If you need like by line input, use std::getline(std::istream&, std::string&), like this:
std::vector<std::string> lines;
std::ifstream file(...) //Fill in accordingly.
std::string currentLine;
while(std::getline(file, currentLine))
lines.push_back(currentLine);
You can split a line apart by putting it into an std::istringstream first and then using operator>>. (Alternately, you could cobble up some sort of splitter using std::find and other algorithmic primitaves)
EDIT: This is the same thing as in #dash-tom-bang's answer, but modified to be correct with respect to error handing:
vector<string> words;
int currentLine = 1; // or 0, however you wish to count...
string line;
while (getline(inputFile, line))
{
istringstream inputString(line);
string word;
while (inputString >> word)
words.push_back(pair(word, currentLine));
}
Short and sweet.
vector< map< string, size_t > > line_word_counts;
string line, word;
while ( getline( cin, line ) ) {
line_word_counts.push_back();
map< string, size_t > &word_counts = line_word_counts.back();
istringstream line_is( line );
while ( is >> word ) ++ word_counts[ word ];
}
cout << "'Hello' appears on line 5 " << line_word_counts[5-1]["Hello"]
<< " times\n";
You're going to have to abandon reading into strings, because operator >>(istream&, string&) discards white space and the contents of the white space (== '\n' or != '\n', that is the question...) is what will give you line numbers.

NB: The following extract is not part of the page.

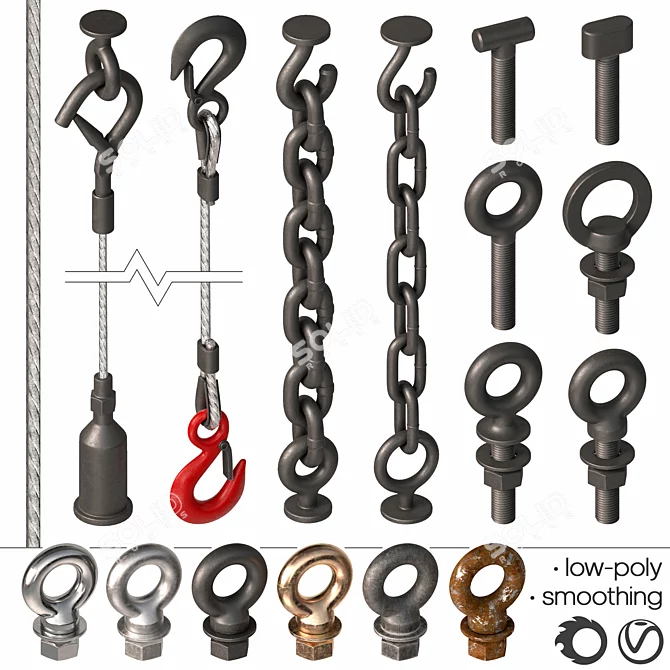 Multi-Purpose Metal Hardware Set 3D model image 4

This is where OOP can save the day. You need to write a class to act as a "front end" for reading from the file. Its job will be to buffer data from the file, and return words one at a time to the caller.
Internally, the class needs to read data from the file a block (say, 4096 bytes) at a time. Then a string GetWord() (yes, returning by value here is good) method will:
First, read any white space characters, taking care to increment the object's lineNumber member every time it hits a \n.
Then read non-whitespace characters, putting them into the string object you'll be returning.
If it runs out of stuff to read, read the next block and continue.
If the you hit the end of file, the string you have is the whole word (which may be empty) and should be returned.
If the function returns an empty string, that tells the caller that the end of file has been reached. (Files usually end with whitespace characters, so reading whitespace characters cannot imply that there will be a word later on.)
Then you can call this method at the same place in your code as your cin >> line and the rest of the code doesn't need to know the details of your block buffering.
An alternative approach is to read things a line at a time, but all the read functions that would work for you require you to create a fixed-size buffer to read into beforehand, and if the line is longer than that buffer, you have to deal with it somehow. It could get more complicated than the class I described.